Over three-quarters of private fund leaders believe a stronger ESG vision and culture will ultimately drive value in their businesses, according to affiliate title Private Funds CFO’s Private Funds Leaders Survey 2021, conducted in partnership with MUFG Investor Services.

“It is very clear to us that responsible corporate behaviour and the consideration of ESG factors have a positive influence on long-term financial performance,” says Jeff Pentland, managing director at Northleaf Capital Partners.

However, LP pressure is still the main driver of greater ESG monitoring and reporting, with 86 percent of respondents saying LP questions on ESG had become more detailed over the previous 12 months. This was followed by a firm’s own social responsibility goals, competitive forces and valuation-creation objectives as reasons for enhancing ESG practices. Regulation was seen as the least significant.

ESG considerations play an equal role in due diligence and value creation. Just under half of respondents described ESG as critical or very important when assessing potential transactions. The same proportion said ESG was critical or very important for adding value in the businesses they buy.

Positive correlation

“We have already seen positive correlation between ESG progress and the performance of our companies across a number of different metrics, such as improved costs, efficiencies and an improved, more engaged workforce,” says Ruth Lane, head of investor relations and ESG officer at ATL Partners.

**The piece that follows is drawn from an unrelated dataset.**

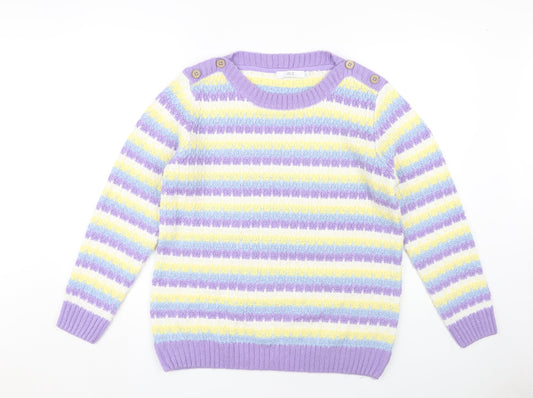 ISLE Women's Multicoloured Striped Jumper Size 12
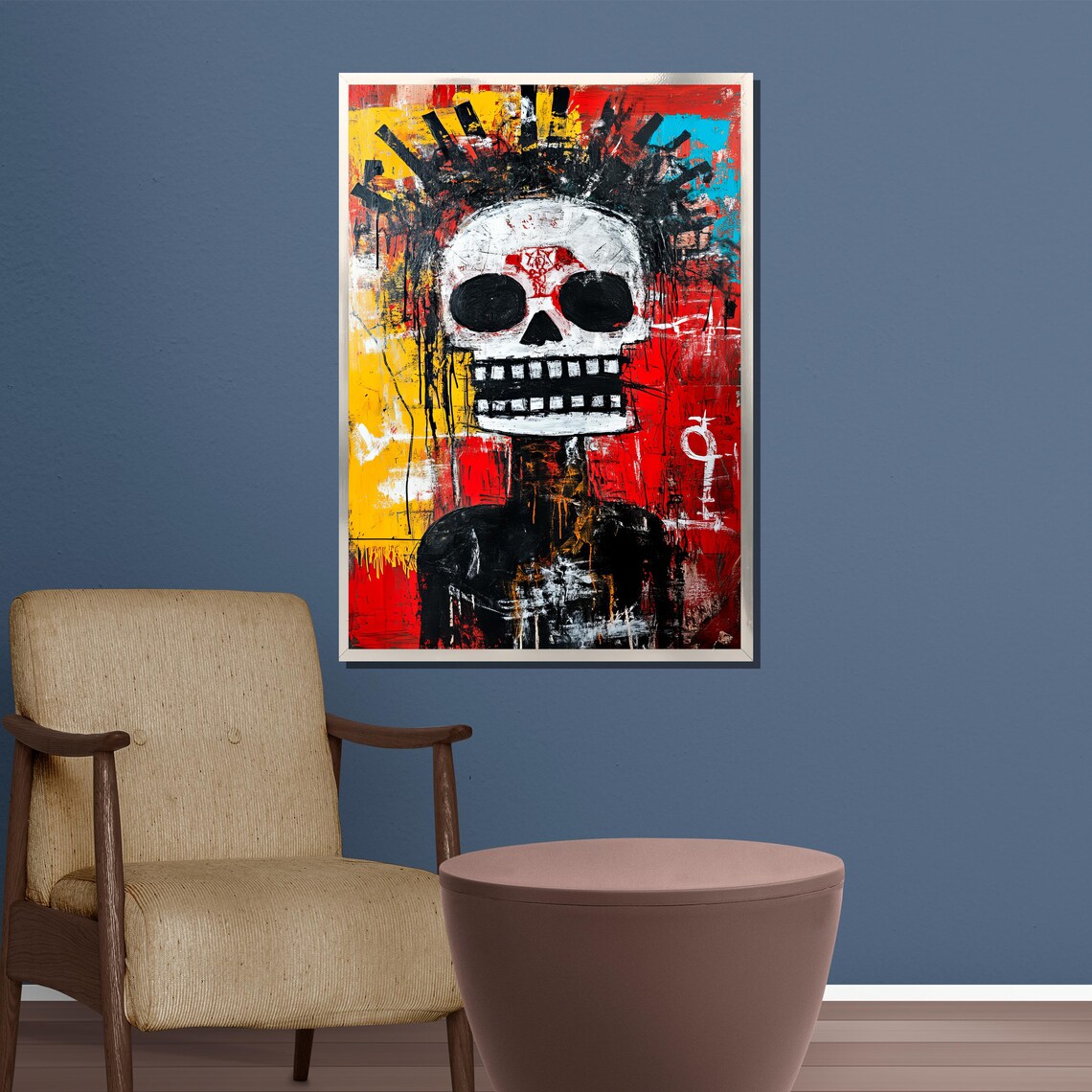 Bold Urban Skull Graffiti Street Art Contemporary Pop Style Wall Poster - Image 4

“We believe that robust ESG programmes at our portfolio companies inherently lead to better outcomes in the form of safe, healthy and motivated employees,” adds Brian Ramsay, president of Littlejohn & Co.

But while private markets leaders recognise the importance of getting ESG right, the operating models to support those practices remain immature. Almost three-quarters of respondents exclusively receive their ESG data from their portfolio companies, but close to 90 percent describe their ability to do so as at least slightly challenging. This is unsurprising when 64 percent employ a fully manual process.

Even where some degree of automation has been achieved, a lack of industry-wide uniformity remains a problem. “Metrics that are easily quantifiable are automated and those that are more qualitative are tracked via ongoing dialogue with our portfolio companies,” says Ramsay. “But the lack of standardisation around reporting metrics and ratings make it challenging for GPs to benchmark themselves against their industry, as well as for LPs to compare ESG programmes across their portfolios.”

Although close to two-thirds of respondents rely on an internal ESG team entirely, 34 percent expect to move towards an outsourced model over the next three years. Northleaf is one firm that believes in leveraging external expertise.

“We have sought to enhance our ESG risk assessment capabilities across our due diligence and portfolio management processes through a partnership with RepRisk,” explains Pentland.

“RepRisk provides a software platform that allows us to systematically identify and assess material ESG risks. The system also allows us to set up watchlists on a mandate-by-mandate basis and then to track how every individual investment is performing from an ESG perspective.”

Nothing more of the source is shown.